What you will do ::
What you return should be the lines from the one with "Toyota bB 2000" through the one with "22312-E1-T41A FAG Image 6" in the data below, reproduced exactly with both ends, and no pictures at all.

Provided records ::
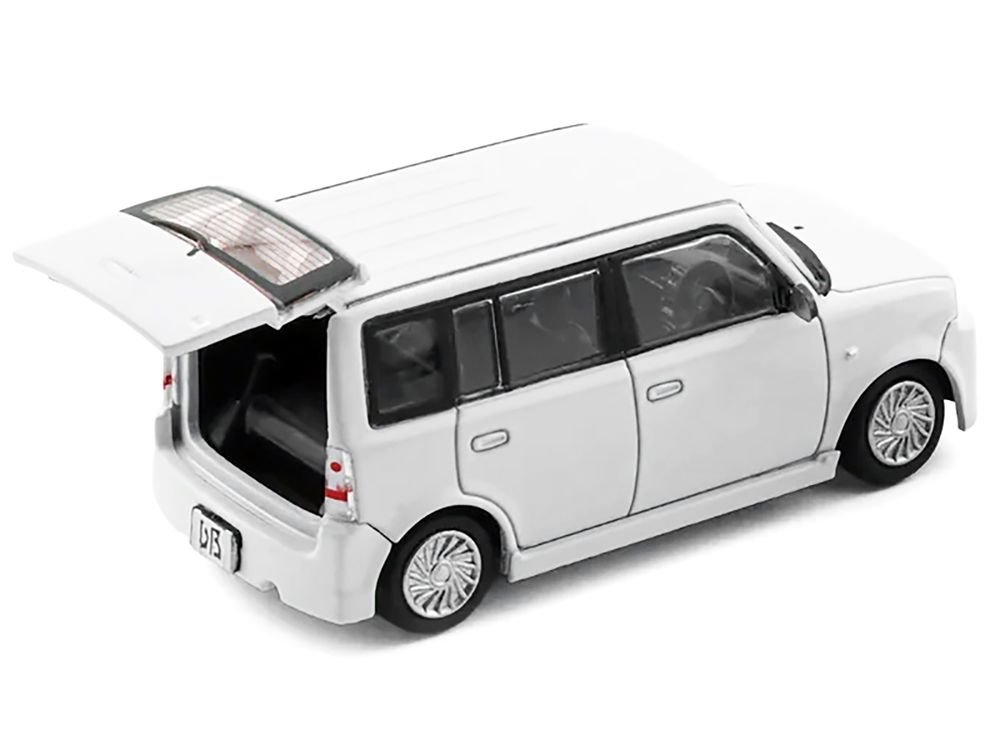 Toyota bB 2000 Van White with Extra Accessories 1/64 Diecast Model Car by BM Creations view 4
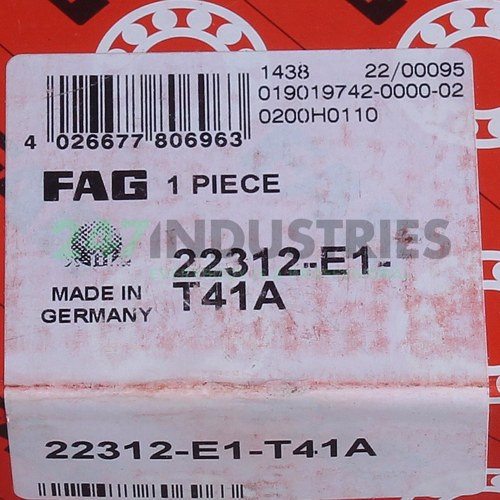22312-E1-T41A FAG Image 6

--

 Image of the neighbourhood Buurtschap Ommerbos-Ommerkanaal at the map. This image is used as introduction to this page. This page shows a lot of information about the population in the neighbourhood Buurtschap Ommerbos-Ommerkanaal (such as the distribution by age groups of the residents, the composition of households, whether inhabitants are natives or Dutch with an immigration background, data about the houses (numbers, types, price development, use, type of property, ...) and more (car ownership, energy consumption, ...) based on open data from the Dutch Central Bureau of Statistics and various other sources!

==

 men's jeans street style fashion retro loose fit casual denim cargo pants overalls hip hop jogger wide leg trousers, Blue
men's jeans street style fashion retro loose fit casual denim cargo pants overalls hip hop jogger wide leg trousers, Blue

Problem solution ::
 Toyota bB 2000 Van White with Extra Accessories 1/64 Diecast Model Car by BM Creations view 4
22312-E1-T41A FAG Image 6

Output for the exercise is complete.